I moved on to Anna Karenina, the novel by Leo Tolstoy.

I could not make peace with it. Anna Karenina did not appeal to me in the way that it should have - by all accounts it is a great classic. But maybe I think I'll read it after a few days and it will make sense to me.

That is something I have observed. To an immature mind, a great book may seem ridiculous. But when read at the right time, it rises to sublime heights. The first time I read 'Gone with the wind', I hated it. The story was garbled, the characters shallow. But I read the same book three years later and then I saw it in a new light. The circumstances in America and a deeper understanding and acceptance of people allowed me to come to terms with that book.

This year, I embarked on Crime and Punishment, by Fyodor Dostoevsky.
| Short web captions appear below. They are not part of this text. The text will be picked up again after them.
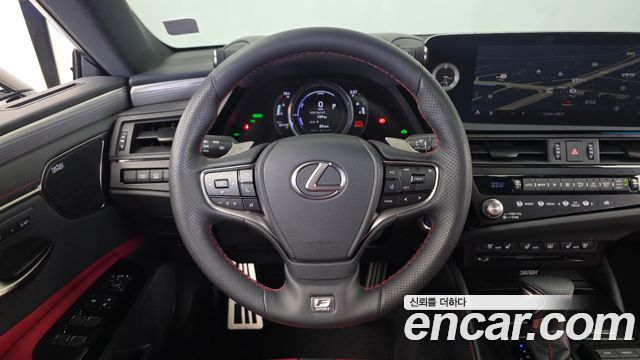 Lexus ES300h (VII) F-Sport 2022 — фото 13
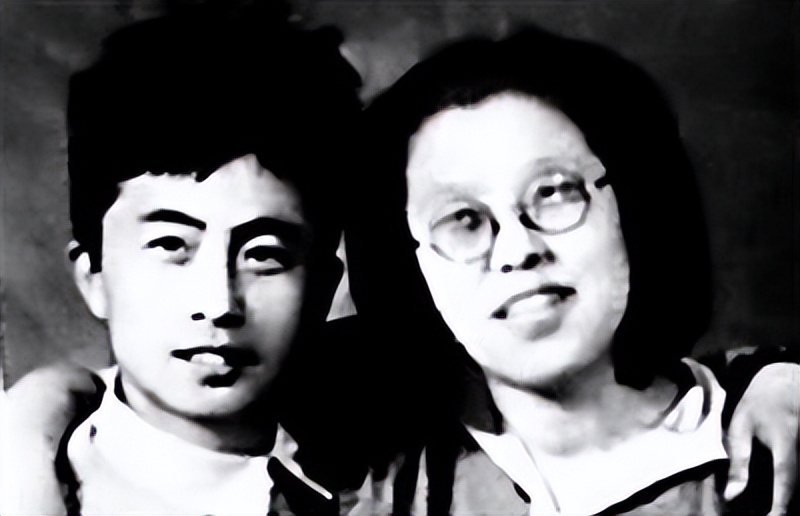 贺龙元帅问曲波，你爱人白茹呢？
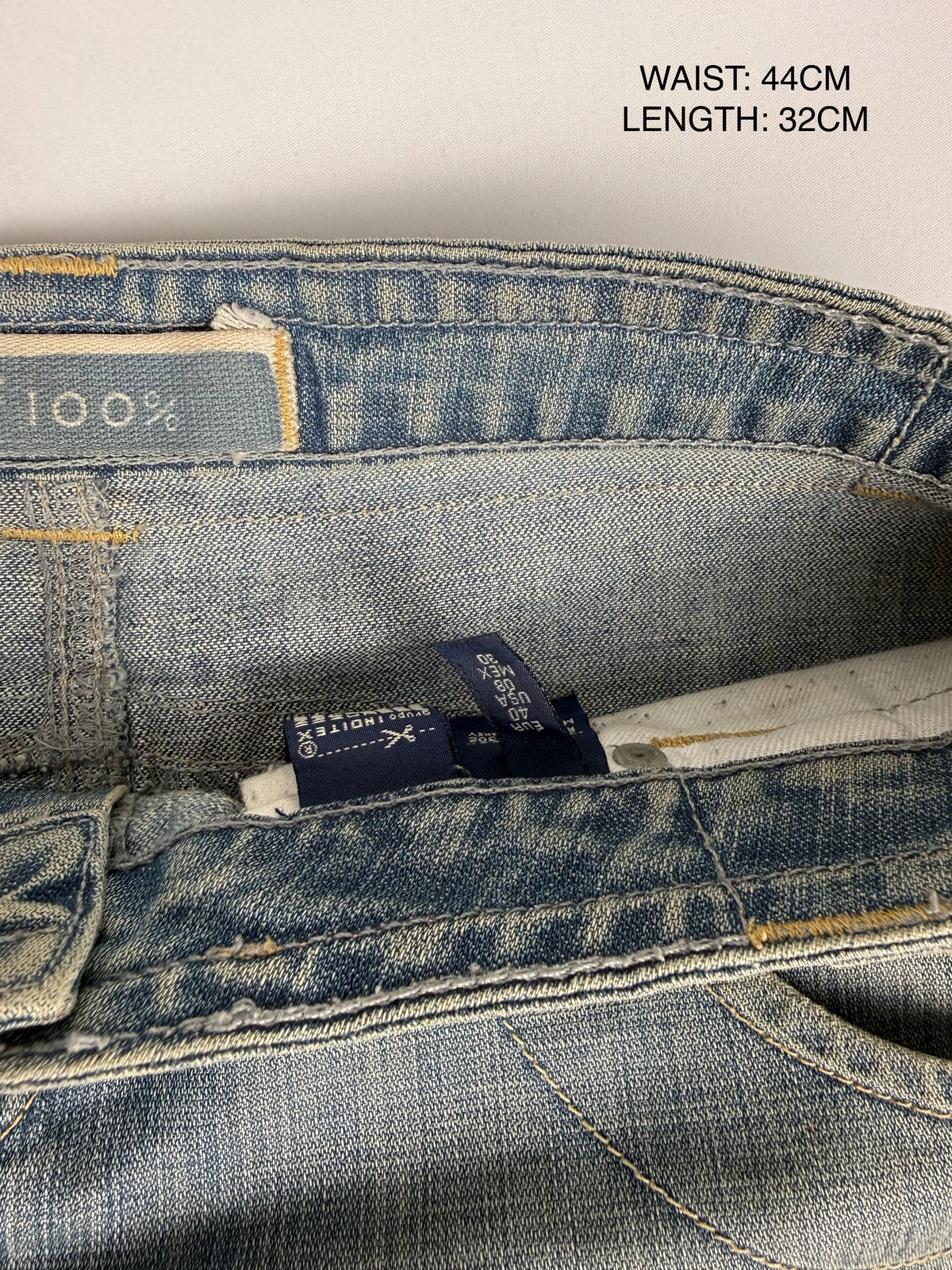 Blue denim low rise mini skirt (L)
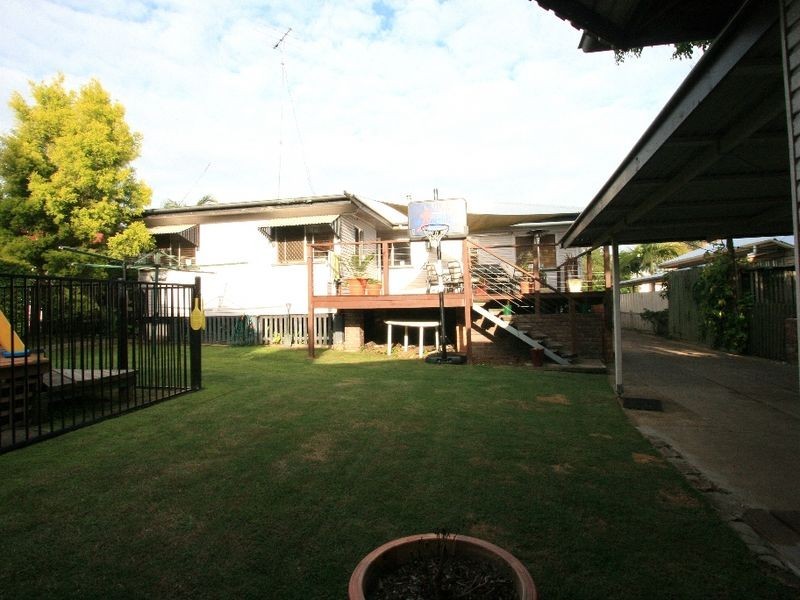 23 Briggs Road, Ipswich QLD 4305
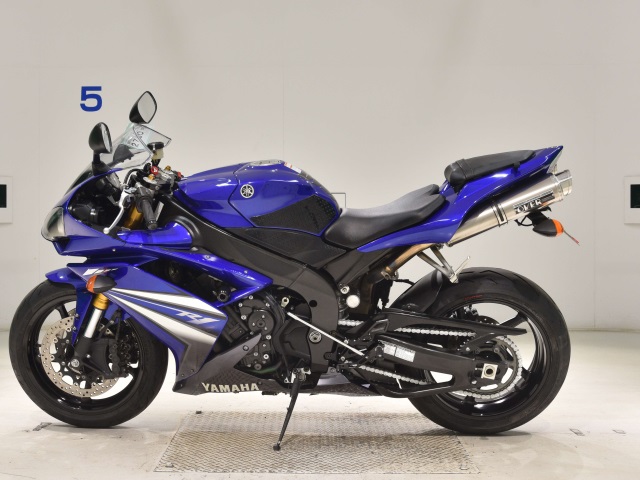 Yamaha YZF-R1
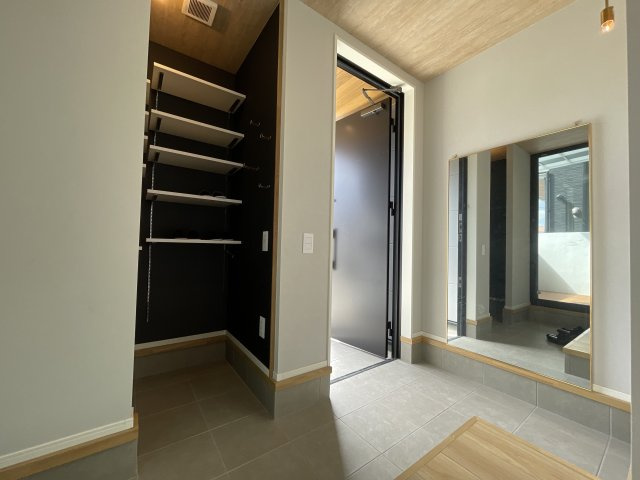 【玄関】 | 真栄里戸建て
It is undoubtedly a complex novel. A murder, subsequent guilt, the complex and specious logic behind it, other complicated and fractious characters who vacillate between extremes...If I would have read this book a year ago, I would probably have thrown away after reading a few pages. When I started reading it, I struggled through the first few pages. And if I have to admit it, I would have to attribute it to the Russian names.The story picks up pace in the second part but again, peters out towards the end. It is fraught with complications and there is a curious symmetry to the plot. The plot can be described as such:

Rodia is a young ex-student in St. Petersburg. He kills a pawn-broker and her sister. He murders her to test out his hypothesis that there exists a breed of men who can transgress the laws of the society in a bid for utilitarian good. Ultimately, he recognises that he is not of the those men. He often compares his actions with that of Napoleon. Ultimately, he confesses his crime and is sentenced to labour. Of course, the book is not simple enough to be summed up in half a dozen sentences. There are enough sub-plots and symbolism to keep the head turning.

But all in all, I would advise this book only to a serious reader. Others may pass.